Yaqza: kesadaran akan dirinya sebagai makhluk yang hina di hadapan Allah
Swt
2.
Taubah: mohon ampun atas segala dosa
3.
Muhasabah: menghitung-hitung atau intropeksi diri
4.
Inabah: berhasrat kembali kepada Allah
5.
Tafakkur: merenung tentang kebesaran Allah
6.
I’tisam: selalu bertindak sebagai khalifah Allah di bumi
7.
Firar: lari dari kehidupan jahat dan keduniawian yang tidak berguna
8.
Riyadah: melatih diri dengan beramal sebanyak-banyaknya
9.
Tasyakur: selalu bersyukur kepada Allah dengan mengabdi dan memuji-Nya
10.
Sima’:
mengonsentrasikan seluruh anggota tubuh dalam mengikuti
perintah-perintah Allah terutama pendengaran.
Intinya, para murid dari Tarekat Khalwatiyah harus tawajjuh, yaitu
murid menerima pelajaran-pelajaran dasar dari guru (Mursyid) seperti
zikir-zikir tertentu setelah itu diadakan baiat dan talkin. Dan tahap awal
sebelum pembantaian adalah seseorang harus mengadakan penyucian batin, sikap
dan perilaku yang tidak baik.
Dalam Tarekat Khalwatiyah dikenal adanya sebuah amalan yang
disebut Al-Asma’ As-Sab’ah (tujuh nama). Yakni tujuh macam dzikir atau tujuh
tingkatan jiwa yang harus dibaca oleh setiap salik.

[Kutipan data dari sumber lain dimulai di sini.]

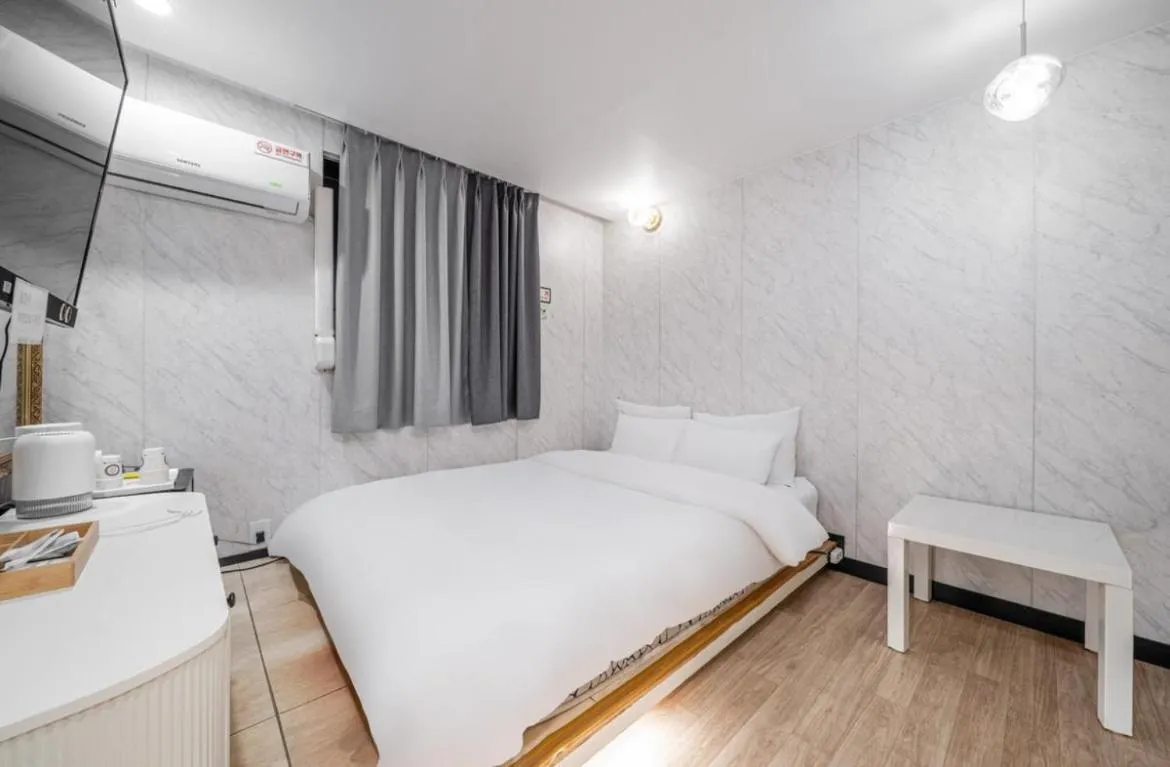 Bed in 30month Hotel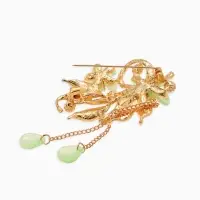 Брошь с жемчугом "Цветы", цвет светло-зеленый в золоте Брошь с жемчугом "Цветы", цвет светло-зеленый в золоте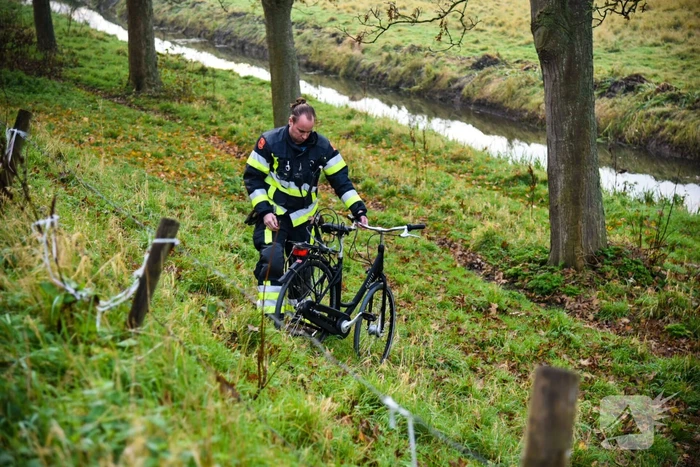 Zoekactie bij sloot na aantreffen van fiets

Dzikir pertama adalah La ilaaha illallah (pengakuan
bahwa tiada Tuhan selain Allah). Dzikir pada tingkatan jiwa pertama ini disebut
an-Naf al-Ammarah (nafsu yang menuruh pada keburukan, amarah). Jiwa ini
dianggap sebagai jiwa yang paling terkotor dan selalu menyuruh pemiliknya untuk
melakukan perbuatan dosa dan maksiat atau buruk, seperti mencuri, bezina,
membunuh, dan lain-lain.
Kedua, Allah (Allah). Pada tingkatan jiwa kedua ini disebut
an-Nafs al-Lawwamah (jiwa yang menegur). Jiwa ini dianggap sebagai jiwa yang
sudah bersih dan selalu menyuruh kebaikan-kebaikan pada pemiliknya dan
menegurnya jika ada keinginan untuk melakukan perbuatan-perbuatan buruk.
Ketiga, Huwa (Dia). Dzikir pada tingkatan ketiga ini disebut
an-Nafs al-Mulhamah (jiwa yang terilhami). Jiwa ini dianggap yang terbersih dan
telah diilhami oleh Allah SWT, sehingga bisa memilih mana yang baik dan mana
yang buruk.
Keempat, Haq (Maha Benar). Tingkatan jiwa ini disebut
an-Nafs al-Muthmainnah (jiwa yang tenang). Jiwa ini selain bersih juga dianggap
tenang dalam menghadapi segala problema hidup maupun guncangan jiwa lainnya.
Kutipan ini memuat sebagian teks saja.